E o Pai Antônio conta que ele passou noites e noites rezando, velando, fazendo suas preces para os Orixás, fazendo banhos de ervas, pedindo ao nosso Pai Antônio Olorum que devolvesse a vida para aquela menina.

E aos poucos, a menina foi melhorando, foi restabelecendo a saúde até se curar totalmente daquela enfermidade. E o pai dela, com um profundo sentimento de gratidão pelo Pai Antônio, disse que ele podia pedir o que ele quisesse. “Nêgo, fala pra mim o que você quer que eu vou realizar. Pode pedir qualquer coisa”.

E o Pai Antônio, acabrunhado com aquele rompante de generosidade do senhor das terras, disse assim: “Sinhô, se não for abusar muito da vossa mercê, nêgo pede a permissão de poder visitar o mar, que nêgo só viu uma vez na vida quando era pequeno e que nem se alembra direito”.

E daí, o senhor das terras ficou surpreso, porque pensava que o Pai Antônio ia pedir a liberdade dele. Daí ele perguntou assim: “você tem certeza, nêgo? Porque se você quiser ser livre, eu te dou a carta de alforria”.

E o Pai Antônio abaixou a cabeça e falou assim: “Nêgo não quer ser livre, não senhor. Nego quer continuar cuidando da vossa família, até quando o nosso senhor Jesus Cristo permitir”. E foi assim que o Pai Antônio recebeu a permissão de visitar o mar, pela segunda vez, quando ele já era velho. E ele disse que se emocionou muito quando ele viu aquelas águas que, há tantas décadas atrás, trouxe ele para uma terra de tanto sofrimento.

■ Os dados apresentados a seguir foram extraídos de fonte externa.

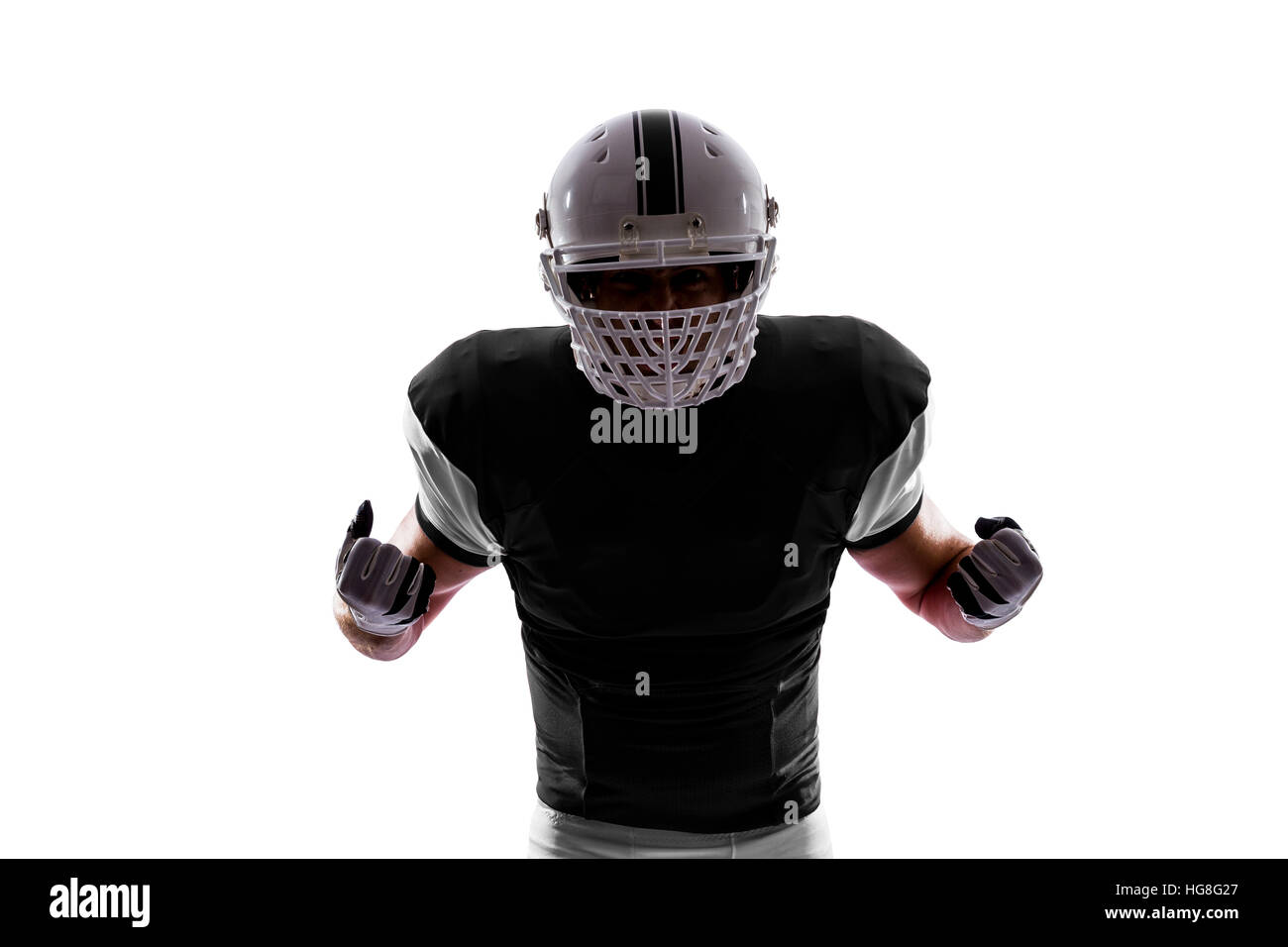 Football Player with a Black uniform on a white background Stock Photo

Esse é o Pai Antônio. Esse é mais um pedacinho da história dele. Saravá, meu pai! Salve a sua força, salve a sua luz!

[ponto – navio negreiro]

Então é isso, gente! Esse episódio que eu gravei me trouxe muitas lembranças. Recordações adormecidas. Espero que vocês tenham gostado, desculpem a minha emotividade. São por essas e outras que eu amo tanto a Umbanda, que eu amo tanto os Orixás e essa espiritualidade maravilhosa que nos acompanha.

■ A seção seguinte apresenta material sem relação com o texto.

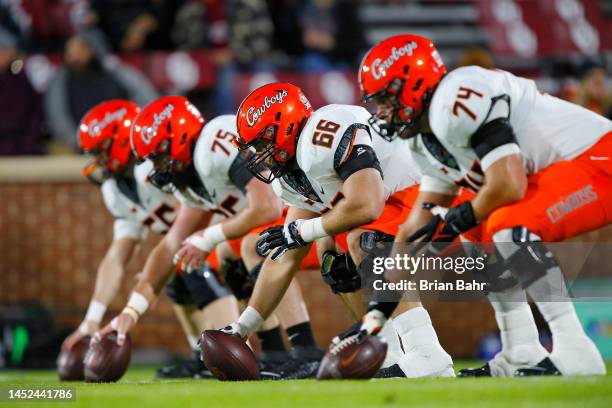 Centers Preston Wilson, Joe Michalski, and Eli Russ of the Oklahoma State Cowboys prepare to snap the ball before Bedlam against the Oklahoma Sooners...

Hoje eu não vou encerrar o episodio como eu sempre faço, não. Hoje eu vou encerrar o episódio apenas agradecendo a vocês por ouvirem essas histórias que eu compartilho, por dedicarem um pouquinho desse tempo escasso de vocês, com essa vida corrida que a gente tem, para ouvir o Alma de Poeta. Isso me deixa muito feliz.

Por esse carinho todo, o meu muito obrigado!